# Tucker and Tonka-Christmas



## Olympia (Jan 11, 2010)

Your dogs are gorgeous, hope you had a Great Christmas, your house looks very beautiful!!


----------



## swishywagga (Nov 13, 2012)

Lovely photos Karen!


----------



## jennretz (Jul 24, 2013)

Merry Christmas! Beautiful boys!


Sent from my iPhone using Tapatalk


----------



## Buddy's mom forever (Jun 23, 2011)

Beautiful photos! Hope you had wonderful Christmas day.


----------



## CAROLINA MOM (May 12, 2009)

Wonderful pictures, the boys look great and your house so festive. 

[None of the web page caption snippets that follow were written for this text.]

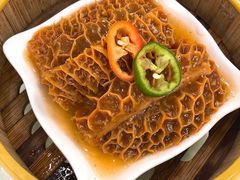 沙爹金钱肚-美景家宴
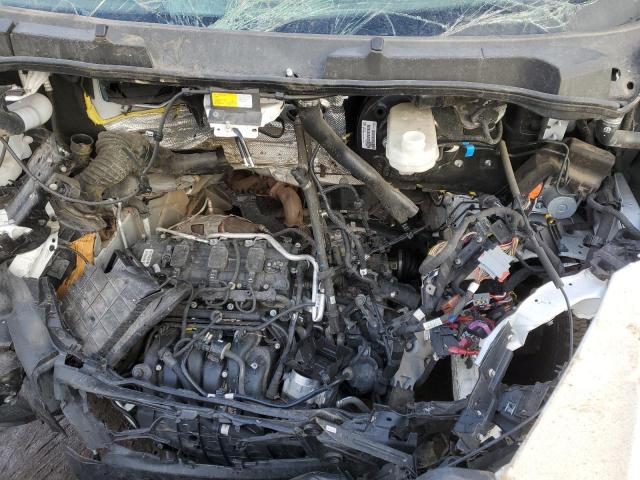 3C6LRVDG9PE500495 - 2023 RAM PROMASTER 2500 HIGH WHITE photo 12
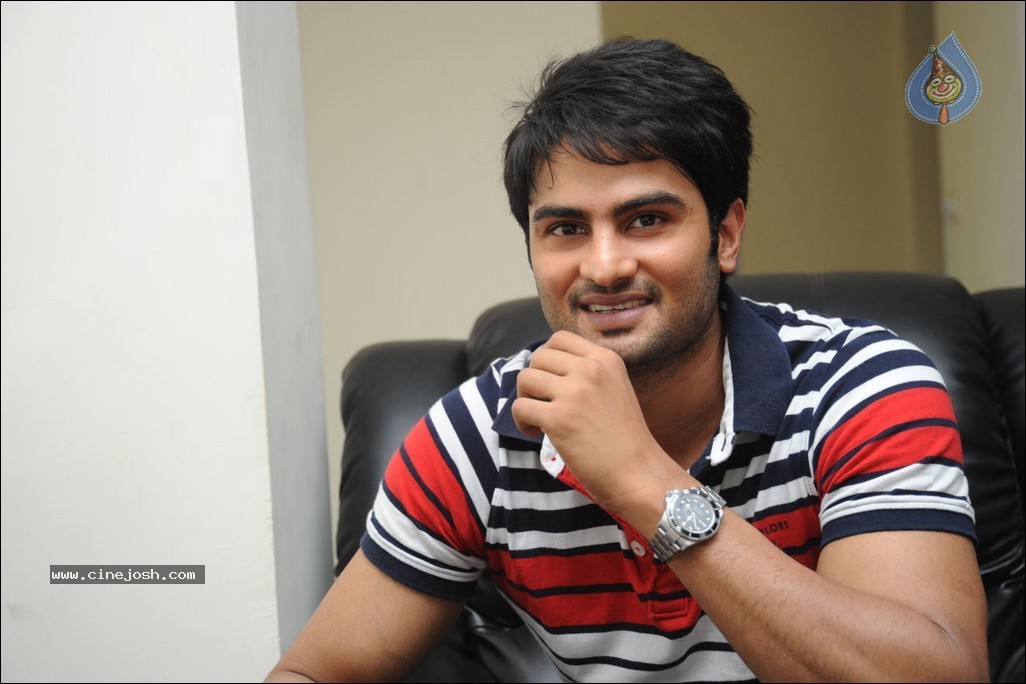 Sudheer Babu Stills - 23 / 52 photos
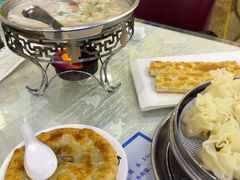 -清真·盛京白记 小骨头羊汤馆(南八马路店)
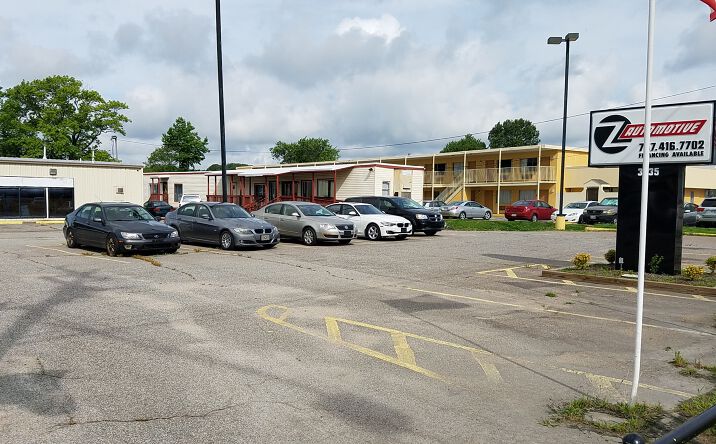 Pictures of Retail property located at 3335 N Military Hwy, Norfolk, VA 23518 for sales - image #1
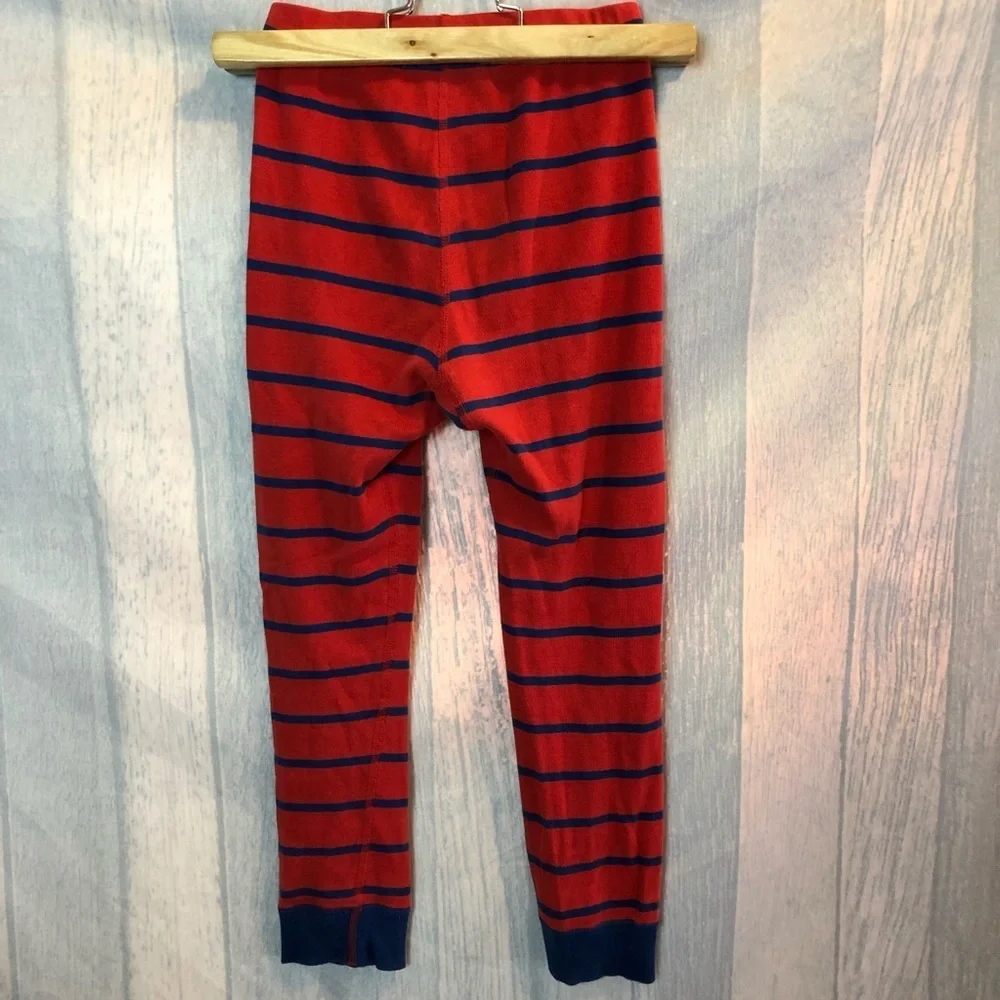 HANNA ANDERSSON  Pajamas Star Wars Red Blue Stripe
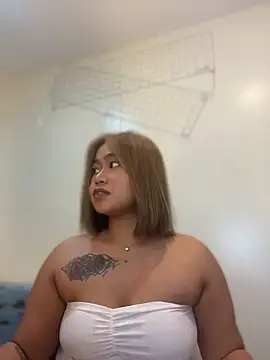 parker_pixie Pertunjukan Webcam
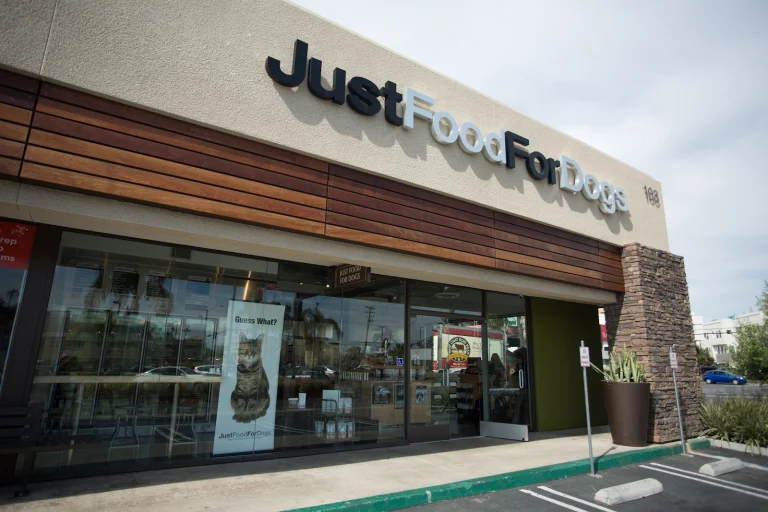 Just Food For Dogs Newport Google Places photo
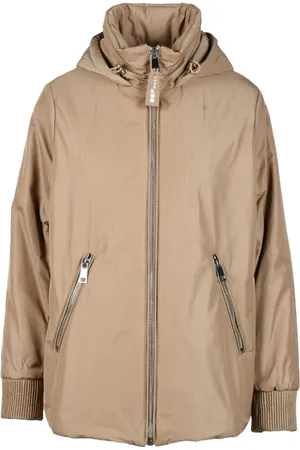 OOF Wear Damen, Jacken, Braun, LGröße:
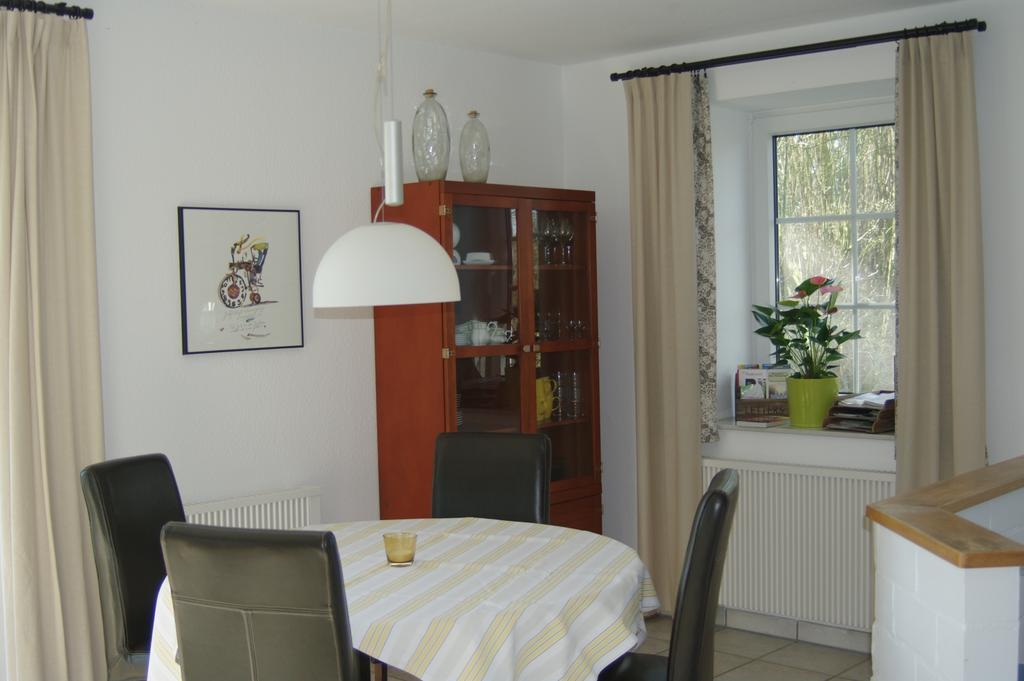 Gaestehaus Eulennest Grossenworden Luaran gambar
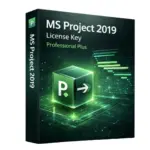 MS Project 2019 License Key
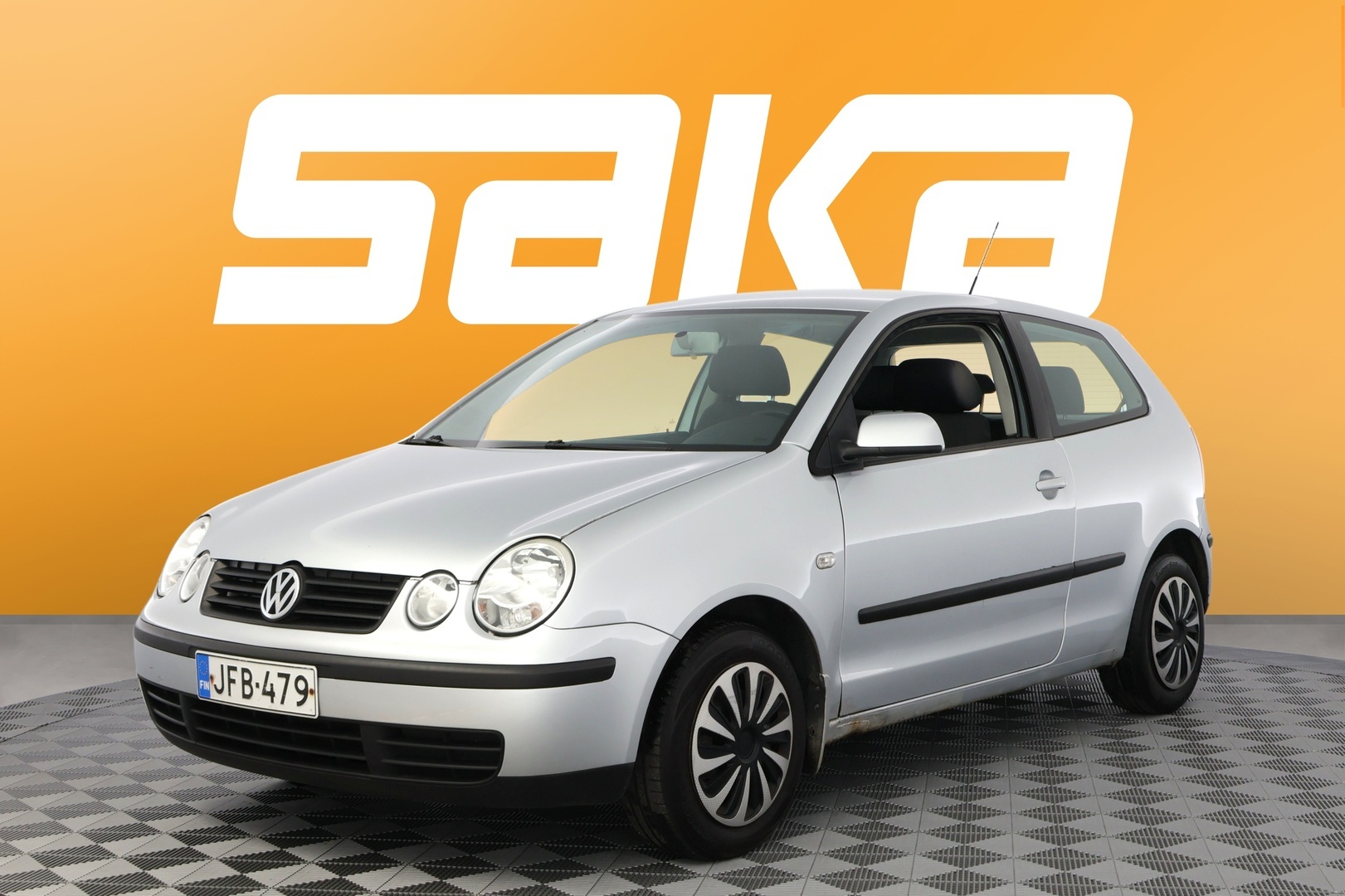 VOLKSWAGEN Polo 2003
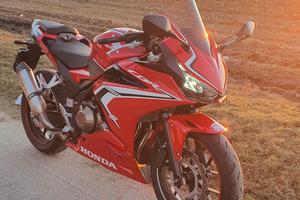 Honda CBR 500 R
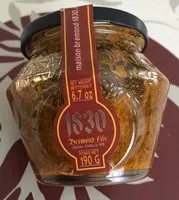 Mängden socker i Pesto sauce de ligurie rosso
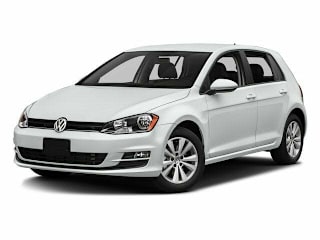 2016 Volkswagen Golf 3VW217AU4GM042613 2016 Volkswagen Golf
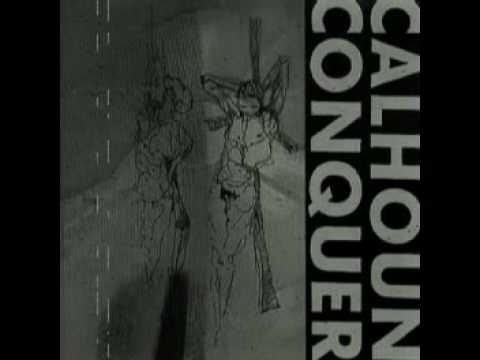Metal Kult!! Calhoun Conquer - Disgust and Hate / 1989 online metal music video by CALHOUN CONQUER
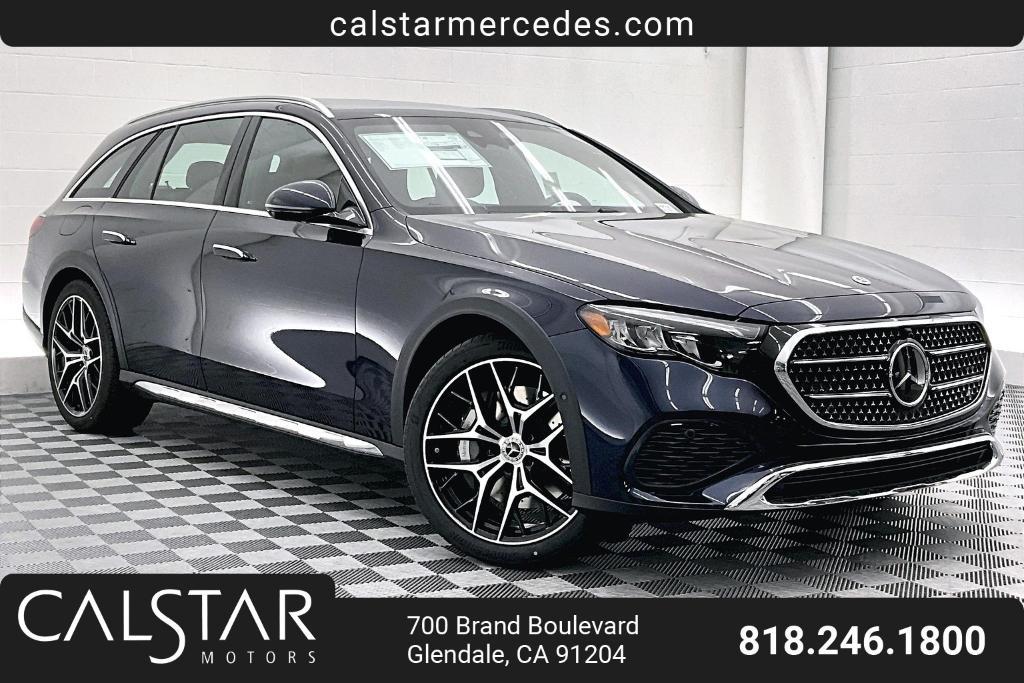 new 2026 Mercedes-Benz E-Class car, priced at $85,665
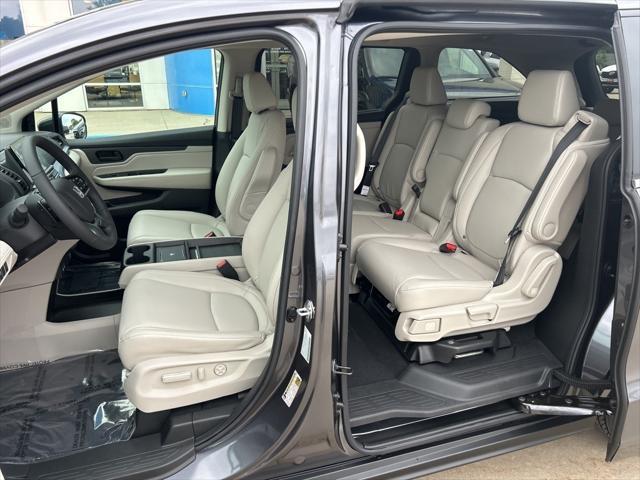 new 2025 Honda Odyssey car, priced at $41,862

Merry Christmas to you all, best wishes in the New Year!


----------



## LynnC (Nov 14, 2015)

Hope you had a wonderful Christmas! Your pups are gorgeous


----------



## tikiandme (May 16, 2010)

Merry Christmas, Karen. Your dogs are beautiful!


----------



## KKaren (Oct 29, 2014)

Merry Christmas Karen, Love seeing Tucker and Tonka's pictures. Such beautiful pups and looking very happy.


----------



## Jessie'sGirl (Aug 30, 2010)

Tucker and Tonka are both beautiful. Loved seeing their pictures.


----------



## Karen519 (Aug 21, 2006)

*Thank you.*

Thank you all for the nice comments. It's been a LONG time since I posted pic of the boys.
Happy 2018 to all!!


----------



## CAROLINA MOM (May 12, 2009)

Karen519 said:


> Thank you all for the nice comments. It's been a LONG time since I posted pic of the boys.
> Happy 2018 to all!!


Best Wishes to you all in the New Year!


----------



## sophieanne (Feb 4, 2014)

It looks like a very nice Christmas holiday was had by all . Tucker and Tonka look very happy in the pics! Happy New Year Karen and family!


----------